Children's Academy is a Mumbai-based chain of private co-educational English-medium day schools in Malad, Ashok Nagar and Kandivali in Mumbai; An IB board in Thane. The first school was founded in 1970 by Shri V.V. Bhat in Malad. Currently the schooling of pupils is through affiliations by choice of ICSE of Council for the Indian School Certificate Examinations, New Delhi. The three branches of the group are Children's Academy, Ashok Nagar and Children's Academy, Thakur Complex in Kandivali (East) and Children's Academy, Bachani Nagar in Malad (East). The schools caters to pupils from nursery levels to the standard 10th grade examinations. They have more than 8000 students studying in the three schools. The Educational World 2019-20 school rankings placed Children's Academy, Malad as the number one school in the North Mumbai zone while the Malad and Kandivali branches are listed among the top 10 schools in the Education World 2019-20 school rankings. All three schools have received numerous accolades.

==History==
Founded in 1970, the Children's Academy group of schools owes its inception to the profound vision of its founder, the late Shri V.V. Bhat (15 June 1930 – 15 August 2001). Mr. V. V. Bhat, while working as an Inspector of Education for the BMC, noticed several shortcomings in schools that were not being addressed when he visited several schools around the city. Mr. V. V. Bhat had a vision of providing holistic and inclusive education to students.
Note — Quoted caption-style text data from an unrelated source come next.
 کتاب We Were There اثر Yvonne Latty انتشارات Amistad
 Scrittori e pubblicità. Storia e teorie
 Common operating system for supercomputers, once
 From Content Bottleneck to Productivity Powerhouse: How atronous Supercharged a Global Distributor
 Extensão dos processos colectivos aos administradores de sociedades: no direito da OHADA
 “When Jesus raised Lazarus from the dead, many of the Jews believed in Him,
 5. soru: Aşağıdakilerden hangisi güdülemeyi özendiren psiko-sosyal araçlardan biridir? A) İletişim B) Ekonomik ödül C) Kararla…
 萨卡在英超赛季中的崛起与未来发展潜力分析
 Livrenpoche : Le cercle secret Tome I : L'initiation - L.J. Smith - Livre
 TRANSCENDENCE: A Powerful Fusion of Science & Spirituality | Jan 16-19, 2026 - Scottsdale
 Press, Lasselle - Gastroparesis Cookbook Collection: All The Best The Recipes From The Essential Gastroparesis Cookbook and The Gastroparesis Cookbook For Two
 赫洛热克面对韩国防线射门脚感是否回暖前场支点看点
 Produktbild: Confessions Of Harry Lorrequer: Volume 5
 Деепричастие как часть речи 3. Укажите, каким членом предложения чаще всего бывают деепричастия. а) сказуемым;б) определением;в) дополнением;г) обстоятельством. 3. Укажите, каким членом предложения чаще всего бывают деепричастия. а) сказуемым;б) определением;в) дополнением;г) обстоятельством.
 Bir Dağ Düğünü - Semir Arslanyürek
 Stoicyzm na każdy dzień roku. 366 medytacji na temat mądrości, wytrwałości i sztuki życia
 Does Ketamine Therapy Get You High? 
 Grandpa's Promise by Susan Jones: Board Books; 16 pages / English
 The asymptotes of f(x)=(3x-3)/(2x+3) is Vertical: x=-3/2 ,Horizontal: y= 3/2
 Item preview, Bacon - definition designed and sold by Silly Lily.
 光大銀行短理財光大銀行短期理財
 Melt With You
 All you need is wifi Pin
In 1970, Mr. V. V. Bhat rented out five shops in a residential building named Ishwar Bhavan in Malad. Over a period of time and owing to continued success, demand for the school grew and Mr. V. V. Bhat rented and occupied all 20 of the rooms in Ishwar Bhawan. This led to the purchase of the property of the land at Bachani Nagar in 1979 which now houses the Malad Branch. Construction of the school was an arduous process due to permissions required from the BMC. In the meanwhile, classes were held on temporary barracks-like structure built on the plot. By 1987, students were partially moved into the new classrooms of Children's Academy, Bachani Nagar.

In 1988, a plot of land was purchased in Ashok Nagar, Kandivali East which now houses the Children's Academy, Ashok Nagar branch. In 1998, Children's Academy, Malad was expanded with the help of an annexe building in an adjacent plot. Along with the additional classrooms, it also hosts cultural and co-curricular activities.

Due to ever-increasing demand, property was acquired in Thakur Complex, Kandivali East and there, Children's Academy, Thakur Complex, began its operations in 2001.

The Education World 2019-20 school rankings placed Children's Academy, Malad as the number one school in the North Mumbai zone while the Malad and Kandivali branches are listed among the top 10 schools in the Education World 2019-20 school rankings.

The Hindustan Times Top Mumbai Schools 2019 rankings ranked Children's Academy, Malad and Children's Academy, Ashok Nagar among the top 10 schools of North Mumbai.